The state would collect 25 percent tax on the casinos and 40 percent from the slots-only racino. The casinos could take as long as three or four years to build, according to some estimates.
Any differences between this bill and a similar one passed a few weeks ago by the House would have to be negotiated by a committee composed of members of both chambers. Then the bill would go the Governor Deval Patrick, who has publically been supportive of the legislation.
The Senate had earlier defeated several amendments, including one that would have prevented 9 percent of gaming revenue from going to the horse racing industry.
Senators rejected an amendment that would have required citywide referendums before a casino could be located in cities with populations higher than 125,000, which includes Boston, Worcester and Springfield. In those cities, only residents of the ward affected would vote.
Also defeated was an attempt to lower the legal gambling age from 21 to 18.
Senators did approve an amendment that would limit legislators from working in the industry for a year after leaving office. Another amendment approved would allow bars and restaurants, along with casinos, to serve free or discounted drinks to customers. Currently, bars and restaurants are not allowed to serve free drinks.
Senators also voted to retain the slot parlor, resisted an effort to cut the number of casinos from three to two and voted to require that casinos post the odds of winning on a slot machine.
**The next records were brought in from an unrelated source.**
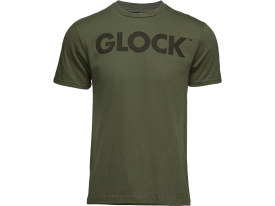 Glock Large Military Green Ringspun Cotton Short Sleeve Caliber Tee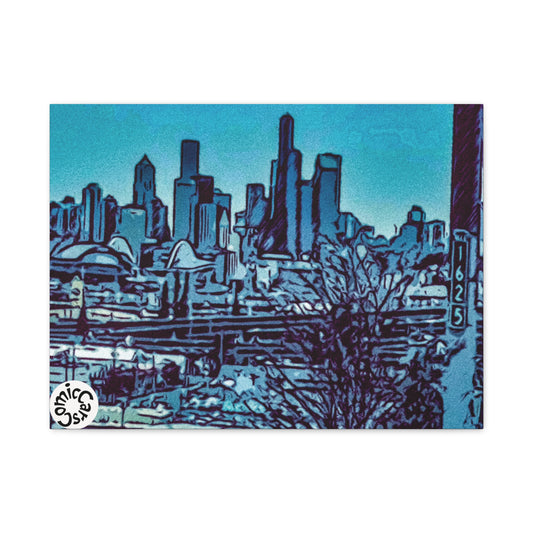 Seattle Cruises City Matte Canvas Wall Art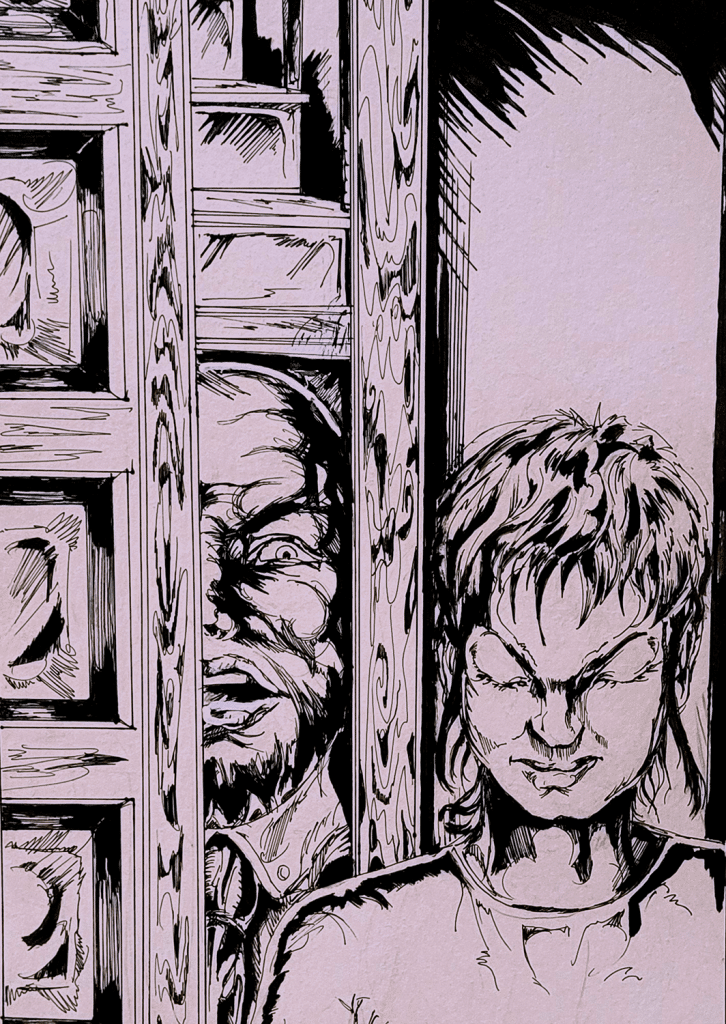 raw comics - purple sky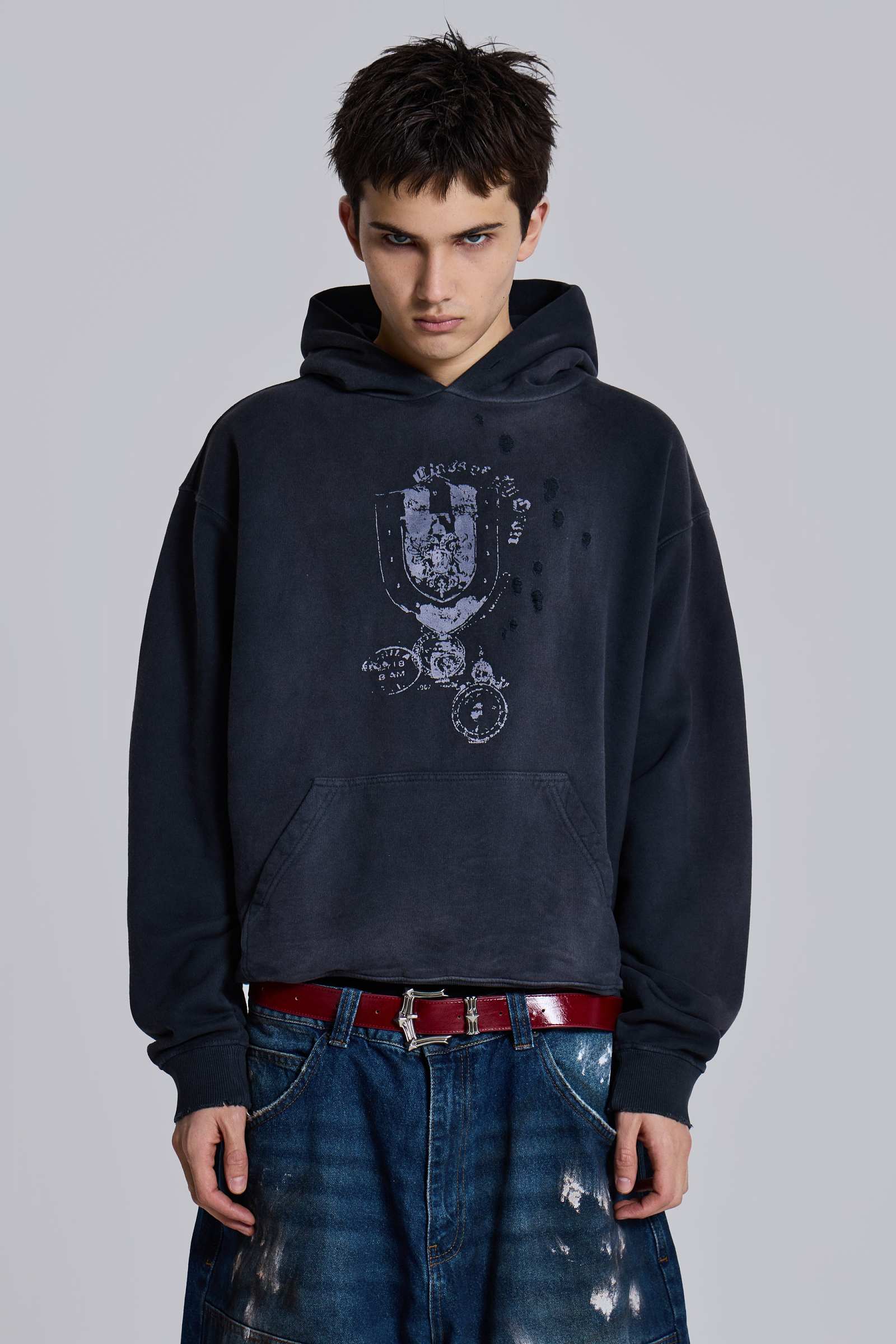Burgundy Strike Metal Belt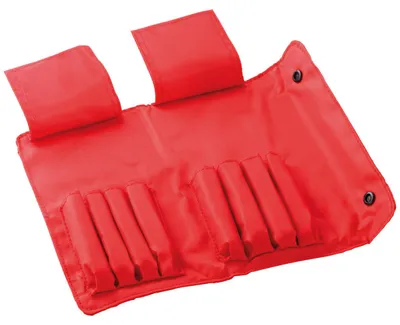 Produktbild von triangle Rolltasche rot, leer, 8-tlg.
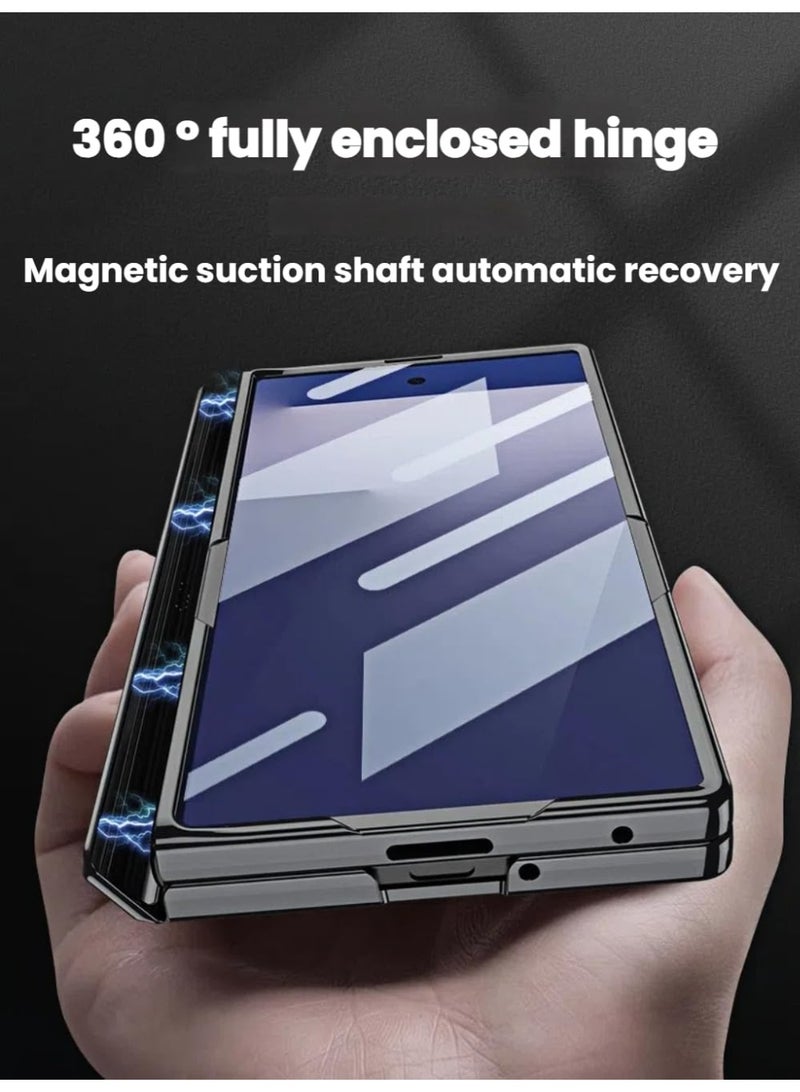 general Clear Case Compatible with Samsung Galaxy Z Fold 7, Built-in Front Screen Protection  Hinge Protection  Stand, Transparent Ultra-thin Protective Cover - Image 3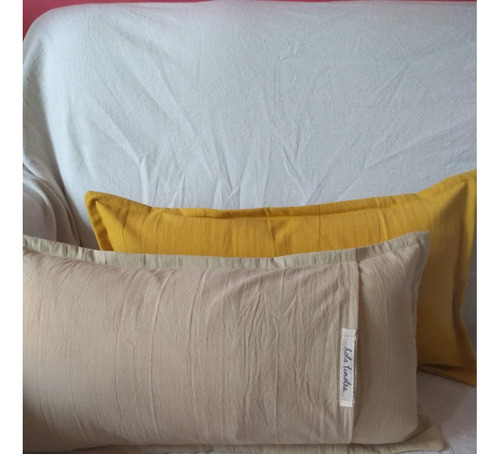 Almohadones En Tusor Ó Gabardina 25x45  Pack De 2 Unidades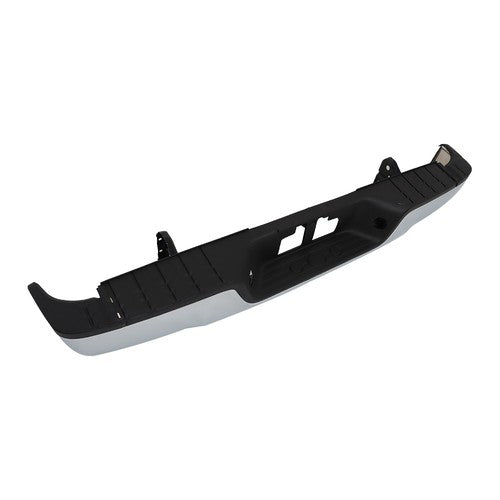 DURAFORCE Fit For Toyota Tundra 2007-2013 Chrome Complete Steel Rear Bumper W/ Hardware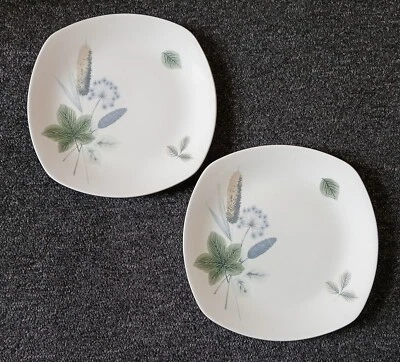 Midwinter Stylecraft Riverside Rare Colour Side Plate X2 60s Fashion Shape 8-65 - Image 1 of 4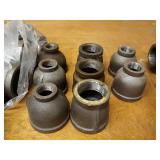 Lot of (18) Steel Pipe Fittings - (6) 2" Tees, (3) 2" x 3/4" Reducer, (3) 2" x 1-1/2" Reducer, (2) 2" x 1" Reducer, (4) 2" Reducing Tees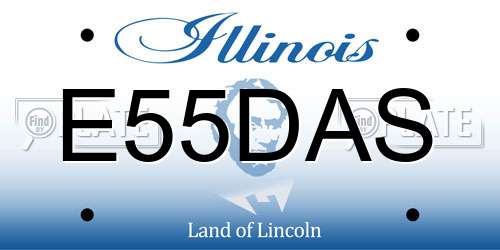 E55DAS Illinois License Plate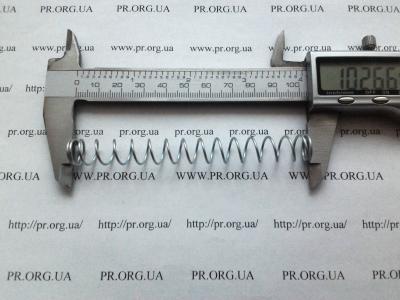 Пружина стиснення 1 х 11,6 х 102,5 (Артикул: S9224)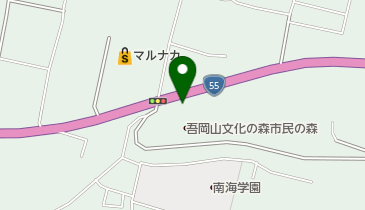 auショップ南国の地図画像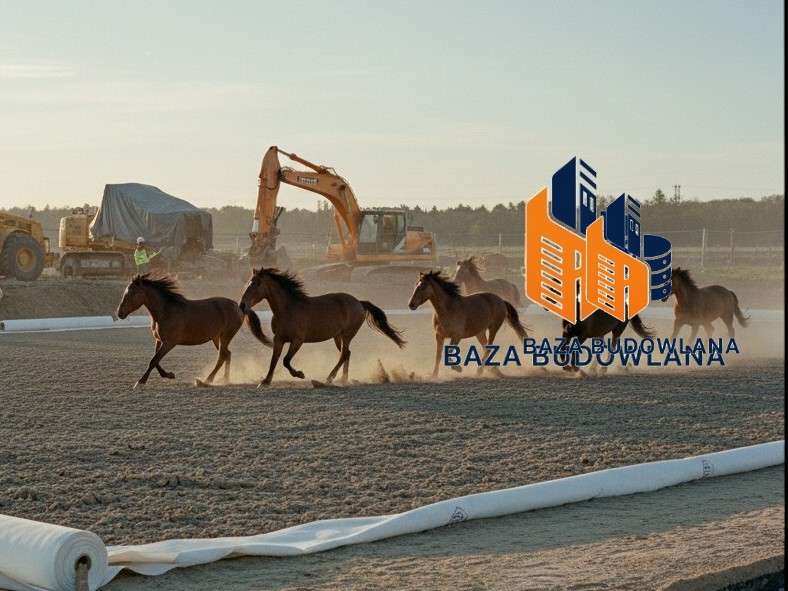Budowa ujeżdżalni krok po kroku: Jak prawidłowo ułożyć warstwy separacyjne?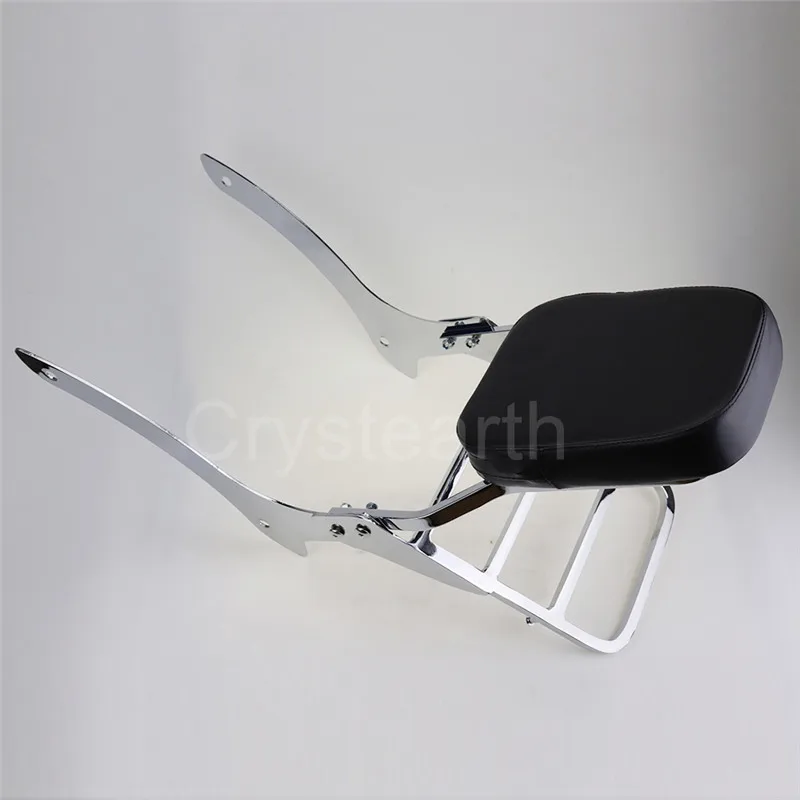 Хромированная задняя спинка пассажира мотоцикла Sissy Bar + багажная стойка для 2000-2011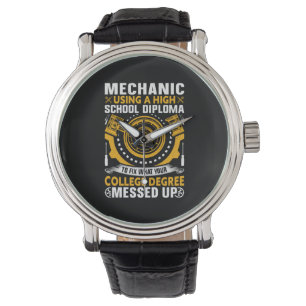 Mechanic Using A High School Diploma Watch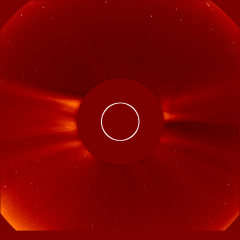 Image of solar wind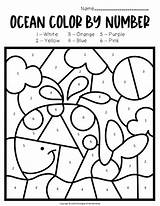 Ocean Preschool sketch template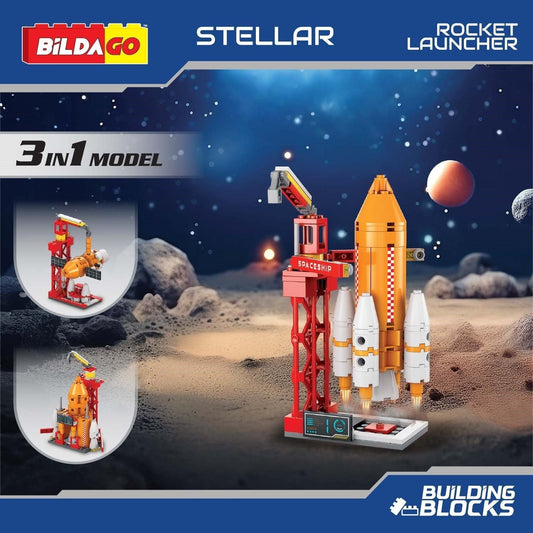 Bildago Stellar - Rocket Launcher (SP13427)- 3-in-1 Model (98 PCS)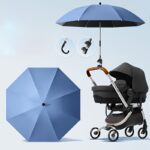 Premium Stroller Umbrella - Waterproof, Sun & Rain Protection, Durable 190T Canopy with 8 Ribs, Manual Open, Outdoor, Sunshade Cover - Image 6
One of the licenses is reserved for a tribal casino, offered to the two tribes in Massachusetts, the Mashpee Wampanoag and the Aquinnah Wampanoag. The Mashpee tribe has partnered with Malaysia’s Genting and seems to have the inside track because the Aquinnah tribe may fall victim to the Supreme Court Carcieri decision, which prevents tribes recognized after 1934 from taking land into trust—which will be a requirement in Massachusetts.
The tribes have until July 31, 2012 to negotiate a compact with the governor or the license will be open for bids from all potential developers.
While Caesars Entertainment, Las Vegas Sands and Wynn Resorts had previously expressed interest in Massachusetts casino projects, it is unclear if any of them will submit bids. Caesars has partnered with Suffolk Downs racetrack, but there is no indication if the group will bid for one of the casinos or be content with the racino license. Wynn and Las Vegas Sands appear to be more interested in opportunities in Florida, while concentrating on their cash-cow Macau operations. Penn National Gaming has shown a deep interest in Massachusetts, and the Mohegan Tribal Gaming Authority has been laying the groundwork for a casino in Palmer, in western Massachusetts.
Union Gaming Group of Las Vegas says the three casino licenses are not created equal, and values them differently.
“We estimate the Metro Boston license (Zone 1) can generate approximately $1.5 billion in gaming revenue and between $410 million and $420 million in total resort EBITDA,” Union wrote in a note to investors. “Southeast Massachusetts (Zone 2) can generate approximately $430 million in gaming revenue and between $83 million and $91 million in total resort EBITDA and we estimate Western Massachusetts (Zone 3) can generate approximately $380 million in gaming revenue and between $65 million and $90 million in total resort EBITDA.”